### Description of the task
Look through the data below and extract, unchanged, the lines from the one that contains "FDA upgrades egg" to the one that contains "100cm Mango Tree - 7237", both included.

*** Exercise input ***

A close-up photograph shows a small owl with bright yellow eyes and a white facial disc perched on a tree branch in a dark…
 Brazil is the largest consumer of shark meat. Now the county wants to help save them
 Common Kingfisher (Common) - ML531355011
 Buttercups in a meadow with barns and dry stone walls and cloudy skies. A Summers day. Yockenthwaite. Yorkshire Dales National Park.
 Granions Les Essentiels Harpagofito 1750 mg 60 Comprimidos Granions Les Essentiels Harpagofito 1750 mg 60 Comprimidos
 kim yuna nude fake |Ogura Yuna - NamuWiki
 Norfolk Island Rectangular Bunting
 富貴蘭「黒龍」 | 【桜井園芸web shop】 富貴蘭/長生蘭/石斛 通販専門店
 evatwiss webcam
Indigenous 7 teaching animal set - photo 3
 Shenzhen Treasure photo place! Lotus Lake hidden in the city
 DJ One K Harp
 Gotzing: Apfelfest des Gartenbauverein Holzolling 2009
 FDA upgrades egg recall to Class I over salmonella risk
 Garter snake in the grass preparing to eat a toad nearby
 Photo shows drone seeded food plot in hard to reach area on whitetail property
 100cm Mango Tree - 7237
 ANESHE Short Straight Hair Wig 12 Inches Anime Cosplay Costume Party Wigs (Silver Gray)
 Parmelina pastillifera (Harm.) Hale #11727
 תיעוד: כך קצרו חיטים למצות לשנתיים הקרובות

***

### Exercise answer
 FDA upgrades egg recall to Class I over salmonella risk
 Garter snake in the grass preparing to eat a toad nearby
 Photo shows drone seeded food plot in hard to reach area on whitetail property
 100cm Mango Tree - 7237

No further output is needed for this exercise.